It was the opening day of training camp in July 1981 at Dickinson College in Carlisle, Pennsylvania, when first-year head coach Joe Gibbs looked at another new arrival, 6-7, 300-pound Joe Jacoby, and automatically mistook him for a defensive lineman. 

Offensive line coach Joe Bugel had helped recruit Jacoby, an undrafted rookie free agent out of Louisville. 

"I must have spent 20 minutes telling him about the great chance he had to make the team as a defensive tackle," Gibbs said. "He never said a word to me, never corrected me. We already had so many offensive line prospects. I walked out of my office and yelled for Joe Bugel. 

"I said, 'For cripes sake, Joe, why do we need another offensive lineman? You've got 18 of them already. We can't coach that many. If we've signed him, can we get out of it?'"


It's a good thing Washington did not give up on Jacoby. He developed into one of the top offensive linemen in team history. 

He played every position but center during his 13-year career (1981-93) in Washington, but left tackle is where he made the greatest impact. 

He was the premiere NFL player at that position during the 1980s, earning four straight trips to the Pro Bowl (1983-86). He played in 170 games, one of the top marks in team history, and started 146. 

Jacoby has been nominated for entry into the Pro Football Hall of Fame several times and was named one of the 70 Greatest players in 2002 to honor the franchise's 70-year anniversary. 

He will likely be best remembered as a key member of "The Hogs," Washington's famed offensive line of the Gibbs era that was instrumental in the franchise's four trips to the Super Bowl, three of which resulted in NFL championships. 

"Jake was one of the best things that ever happened to us," said Gibbs, who coached Jacoby for 12 of his 13 seasons. "Shows you what I know about a prospect." 

Jacoby said it was an honor playing for Washington during their years of dominance in the 1980s and early '90s. 

"It was a very special group, a very special time," he said. "When you look back on it, it was so special because you see the way things have gone with Washington since those years. The players and coaches that went through there -- we may not see each other on a day-to-day basis anymore, but when we do get together we re-live some of the great times we had when we were playing." 

Jacoby embodied mental toughness as a player. Case in point: he refused to give up on himself despite going undrafted in 1981 after a successful college career at Louisville, where the left tackle co-captained the Cardinals as a senior and led them to the Independence Bowl. 
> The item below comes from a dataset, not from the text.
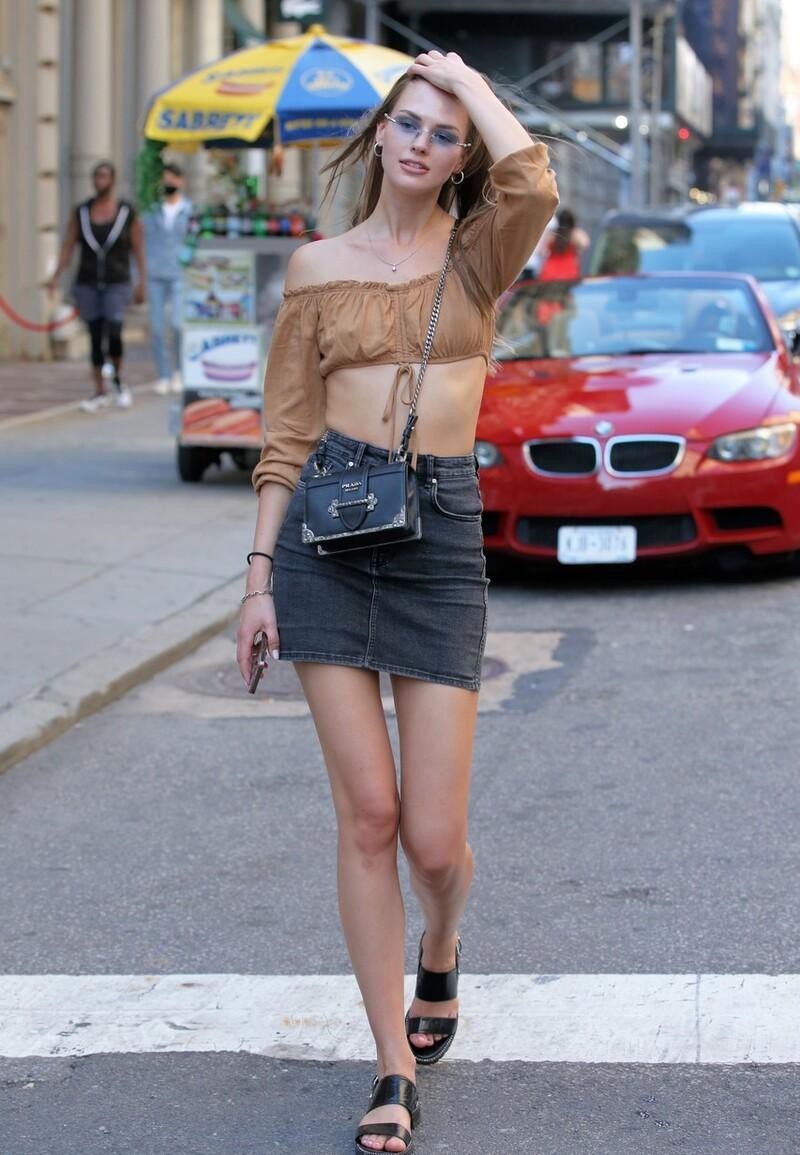 假胯宽女孩也能穿短裙，只要选对了款式，显腿细腿长不在话下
Washington general manager Bobby Beathard and Bugel both gave Jacoby a tryout and, impressed by the player no other team wanted, signed him as a free agent. 

After convincing the coaching staff of his natural talents at left tackle, he assumed the starting spot at that position midway through the 1981 season. 
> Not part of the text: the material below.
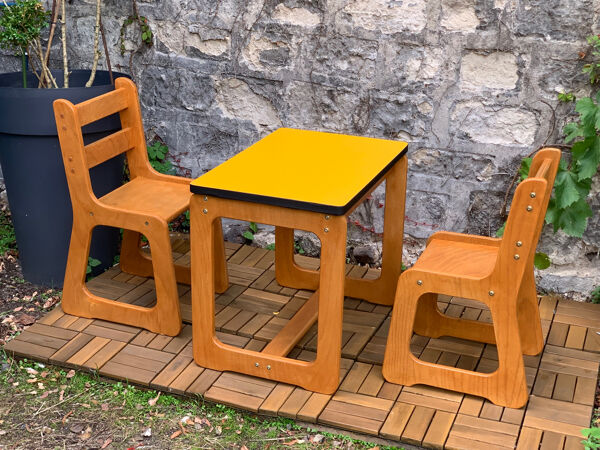 Bureau et chaises traîneau enfants en bois et formica 1970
According to Jacoby, Beathard just had an uncanny knack for finding those "diamond in the rough" players who dotted Washington's roster during the Gibbs era.


"Certain scouts and people who go out looking at talent just have a certain knack," Jacoby said. "It doesn't mean [Beathard] was always right. But he was more right than wrong in finding talent. He would go to obscure places and look for players and find them." 

Jacoby also had strong praise for Bugel, calling him a great motivator and an expert at teaching techniques to offensive linemen. 

Bugel also had an imagination that enabled him to coin the team "Hogs," which he used largely to create a camaraderie and identity on an offensive line with a blue collar, hard-nosed image. 

The nickname was conceived before the 1982 season, when the line consisted of Jacoby, left guard Russ Grimm, center Jeff Bostic, right guard Mark May, right tackle George Starke and tight ends Don Warren and Rick 'Doc' Walker. 

"Bugel wanted to keep us all together, keep that sort of college atmosphere," Jacoby said. "We had to wear a 'Hogs' tee-shirt one day a week, and we were fined if we didn't wear it. The money went into a pool for a party at the end of the year. 

"That's how he built camaraderie among us on the line. His comment was, 'For the next six months, you two [on the left side of the line] are married. Know each other better than you would your wife.' 

"That's how he related to the players. We performed great as a team because we knew each other so well." 

"The Hogs" became a household term in the Washington area, as Washington romped through the league for the next decade. 

Jacoby, meanwhile, used his mammoth size to establish himself as arguably the best run blocker of the 1980s, as he battled such defensive stars as Giants linebacker Lawrence Taylor, Cowboys linemen Randy White, Harvey Martin and Jim Jeffcoat and Eagles linemen Clyde Simmons and Reggie White. 

Jacoby helped open holes for 240-pound John Riggins, the most prolific runner in Washington history. 

Jacoby was also the first offensive tackle not to take a three-point stance in obvious passing situations, an innovation criticized by many before it became standard practice. 

Throughout his career, Jacoby was able to overcome injuries to the elbows, hips, neck, hands and knees. But midway through the 1993 season, an undetermined number of bulging disks in his back sidelined him for good. 

He officially retired in July 1994 to own a car dealership in Warrenton, Va. 

"To say I coached Joe Jacoby is one of the thrills of my coaching career," said former Washington offensive line coach Jim Hanifan. "Everyone can see the size and strength that made him a great football player, but what I'll remember most about Jake is a heart that is as big as the man himself. Few players every played the game the way Joe Jacoby played it."